Figure 7. Heterosynaptic depression is enhanced in tottering

A, stimulation protocol: two extracellular stimulus electrodes were placed in the molecular layer. Single stimuli applied to S1 were separated by a tetanus of 10 pulses at 100 Hz applied to electrode S2, delivered at a variable interval (Δt) before the second S1 stimulus. The S2 tetanus produced an interval-dependent decrease in S1-evoked synaptic responses, as illustrated by the fEPSPs shown in B. Each panel contains two superimposed traces evoked by S1 before (*) or after the tetanus. Traces represent averaged responses from three wild-type slices (+/+) or three tottering slices (tg/tg) with Δt= 10 ms and 300 ms, as marked. Scale bar: 50 μV (+/+), 100 μV (tg/tg) and 5 ms. C, heterosynaptic depression in wild-type slices (left panel) and tottering slices (right panel) plotted as a function of the time interval following the tetanus. Data were taken in control saline (circles), in saline containing 100 μm of the GABA_B receptor antagonist 3-aminopropyl(diethoxymethyl)phosphinic acid 35348 (triangles) and following washout of the antagonist (squares). Data are from nine wild-type and four tottering slices; each point represents the mean ±s.e.m. for 6–9 wild-type recordings and 3–4 tottering recordings.

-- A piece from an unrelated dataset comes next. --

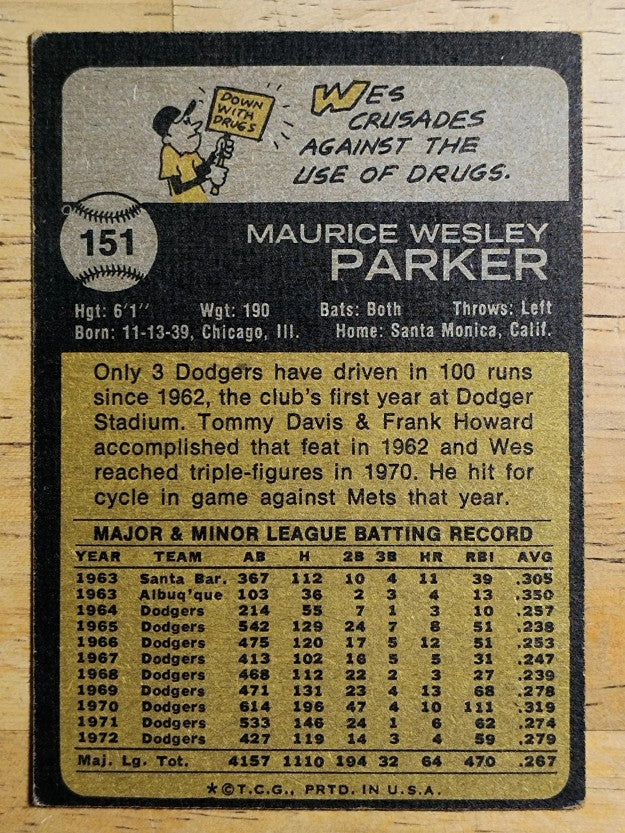 1973 Topps #151 Wes Parker (VGEX)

Figure 8. Tottering synapses are more susceptible to inhibition by α₂-adrenergic receptors

A, concentration-response relationship for noradrenaline-induced inhibition of PF-PC transmission, measured in wild-type (○) and tottering (•) slices during bath-application of noradrenaline. Data sets are statistically different (P < 0.001), as determined by F statistics on separate sum-of-squares and combined sum-of-squares resulting from curve fitting. B, histogram of the pharmacology of receptors mediating noradrenaline-induced inhibition in wild-type (white bars) or tottering (grey bars) slices. Slices were incubated in yohimbine (+YOH, 10 μm), prazosin (+PRAZ, 10 μm) or propranolol (+PROP, 10 μm) and tested with 10 μm noradrenaline. Data represent the means ±s.e.m. of the number of slices noted on or above the bars.*P < 0.05, **P < 0.001; Student's two-tailed t test.